原文

  胡纮 何澹 林栗 高文虎 陈自强 郑丙 京镗 谢深甫 许及之 梁汝嘉

  胡纮字应期,处州遂昌人。淳熙中,举进士。绍熙五年,以京镗荐,监都进奏院,迁司农寺主簿、秘书郎。韩侂胄用事,逐朱熹、赵汝愚,意犹未快,遂擢纮监察御史。

  纮未达时,尝谒朱熹于建安,熹待学子惟脱粟饭,遇纮不能异也。纮不悦,语人曰:"此非人情。只鸡尊酒,山中未为乏也。"遂亡去。及是,劾赵汝愚,且诋其引用朱熹为伪学罪首。汝愚遂谪永州。

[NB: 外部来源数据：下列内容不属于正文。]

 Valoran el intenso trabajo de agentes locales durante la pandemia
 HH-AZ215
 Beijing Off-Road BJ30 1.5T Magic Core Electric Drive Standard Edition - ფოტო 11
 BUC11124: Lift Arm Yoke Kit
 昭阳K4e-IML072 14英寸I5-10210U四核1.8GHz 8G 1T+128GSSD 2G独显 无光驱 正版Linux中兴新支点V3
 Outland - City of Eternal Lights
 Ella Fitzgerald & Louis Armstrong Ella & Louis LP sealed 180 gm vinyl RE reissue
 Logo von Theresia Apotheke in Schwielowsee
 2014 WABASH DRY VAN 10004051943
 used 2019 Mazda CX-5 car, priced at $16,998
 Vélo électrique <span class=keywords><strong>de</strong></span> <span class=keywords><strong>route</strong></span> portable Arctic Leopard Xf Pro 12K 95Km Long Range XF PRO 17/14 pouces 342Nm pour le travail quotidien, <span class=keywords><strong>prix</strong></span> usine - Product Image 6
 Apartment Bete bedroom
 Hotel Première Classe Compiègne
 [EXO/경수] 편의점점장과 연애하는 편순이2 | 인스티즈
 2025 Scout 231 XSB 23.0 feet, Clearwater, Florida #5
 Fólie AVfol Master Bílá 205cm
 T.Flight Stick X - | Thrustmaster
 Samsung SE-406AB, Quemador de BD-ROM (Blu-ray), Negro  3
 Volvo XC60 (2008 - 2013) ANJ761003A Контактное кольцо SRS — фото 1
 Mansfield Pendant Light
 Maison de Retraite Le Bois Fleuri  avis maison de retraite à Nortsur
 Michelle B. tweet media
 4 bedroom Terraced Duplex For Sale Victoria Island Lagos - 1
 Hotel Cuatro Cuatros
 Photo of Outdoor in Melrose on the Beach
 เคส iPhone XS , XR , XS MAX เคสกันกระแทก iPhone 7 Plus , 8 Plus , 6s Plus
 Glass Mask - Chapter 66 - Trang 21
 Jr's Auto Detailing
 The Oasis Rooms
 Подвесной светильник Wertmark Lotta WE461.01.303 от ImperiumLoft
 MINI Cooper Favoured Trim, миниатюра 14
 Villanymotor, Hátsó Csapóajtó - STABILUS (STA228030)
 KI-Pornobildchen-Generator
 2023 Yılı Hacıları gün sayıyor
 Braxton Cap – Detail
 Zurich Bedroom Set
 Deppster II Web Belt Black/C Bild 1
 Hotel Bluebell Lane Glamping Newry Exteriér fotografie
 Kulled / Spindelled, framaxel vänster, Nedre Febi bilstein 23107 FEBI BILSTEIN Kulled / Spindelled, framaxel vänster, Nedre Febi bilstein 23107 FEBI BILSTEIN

  汝愚初抵罪去国,搢绅大夫与夫学校之士,皆愤悒不平,疏论甚众。侂胄患之,以汝愚之门及朱熹之徒多知名士,不便于己,欲尽去之,谓不可一一诬以罪,则设为伪学之目以摈之。用何澹、刘德秀为言官,专击伪学,然未有诵言攻熹者。独稿草疏将上,会改太常少卿,不果。沈继祖以追论程颐得为察官,纮遂以藁授之。继祖论熹,皆纮笔也。

  宁宗以孝宗嫡孙行三年服,纮言止当服期。诏侍从、台谏、给舍集议释服,于是徙纮太常少卿,使草定其礼。既而亲飨太庙。

  纮既解言责,复入疏云:"比年以来,伪学猖獗,图为不轨,动摇上皇,诋诬圣德,几至大乱。赖二三大臣、台谏出死力而排之,故元恶殒命,群邪屏迹。自御笔有\'救偏建中\'之说,或者误认天意,急于奉承,倡为调停之议,取前日伪学之奸党次第用之,以冀幸其他日不相报复。往者建中靖国之事,可以为戒,陛下何未悟也。汉霍光废昌邑王贺,一日而诛群臣一百余人;唐五王不杀武三思,不旋踵而皆毙于三思之手。今纵未能尽用古法,亦宜且令退伏田里,循省愆咎。"俄迁纮起居舍人。诏伪学之党,宰执权住进拟,用纮言也。自是学禁益急。进起居郎,权工部侍郎,移礼部,又移吏部。坐同知贡举、考宏词不当而罢。未几,学禁渐弛,纮亦废弃,卒于家。

  何澹,字自然,处州龙泉人。乾道二年进士,累官至国子司业,迁祭酒,除兵部侍郎。光宗内禅,拜右谏议大夫兼侍讲。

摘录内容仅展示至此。